The currency, nicknamed the kiwi, approached a two-week low versus the yen as swap traders cut to 63 percent the chance the Reserve Bank of New Zealand will raise borrowing costs next month, from 70 percent odds July 30. Australia’s currency weakened against the dollar as the Federal Reserve prepared to meet tomorrow.
“The recent set of data threw cold water on rates views in New Zealand,” said Takuya Kawabata, a researcher in Tokyo at Gaitame.com Research Institute Ltd., a unit of Japan’s largest online currency trader. “Receding expectations for further rate hikes are weighing heavily on the currency.
New Zealand’s dollar fell 0.6 percent to 72.90 U.S. cents at 1:01 p.m. in New York, from 73.35 cents on Aug. 6. The currency fell 0.2 percent to 62.59 yen, from 62.71 yen at the end of last week, when it slid to 62.02, the weakest since July 22. The Australian dollar slipped 0.3 percent to 91.60 U.S. cents, from 91.83 cents, and rose 0.2 percent to 78.64 yen.

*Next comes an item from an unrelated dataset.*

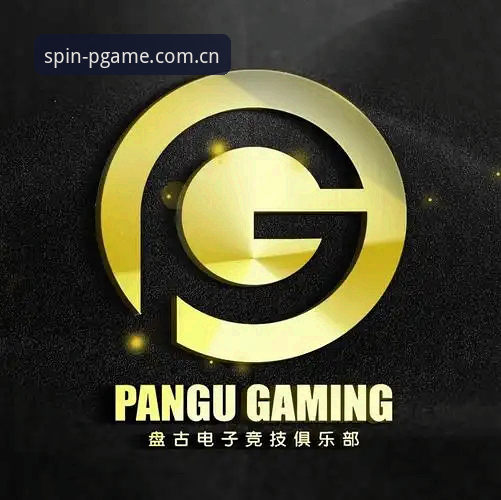 世界杯观赛障碍与pg电子CN站直营官方下载体验完整指南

The kiwi weakened versus 15 of the 16 most-traded currencies after Quotable Value New Zealand Ltd. said the nation’s house prices advanced 4.1 percent in July from a year earlier, after gaining 5.2 percent in June. Nineteen percent of the 2,280 people polled last month forecast house prices will drop over the next year, up from 16 percent in May, a survey from ASB Bank Ltd. showed. New Zealand’s dollar gained against the Swiss franc.
Speculation on Fed
The central bank raised its key rate to 3 percent last month while signaling that deteriorating growth will slow the pace of future increases.
Demand for Australia’s dollar was tempered on speculation U.S. policy makers meeting tomorrow will disappoint market expectations for a second round of stimulus measures.
Fed policy makers have kept the benchmark interest rate at a record low range of zero to 0.25 percent since December 2008 to spur economic growth.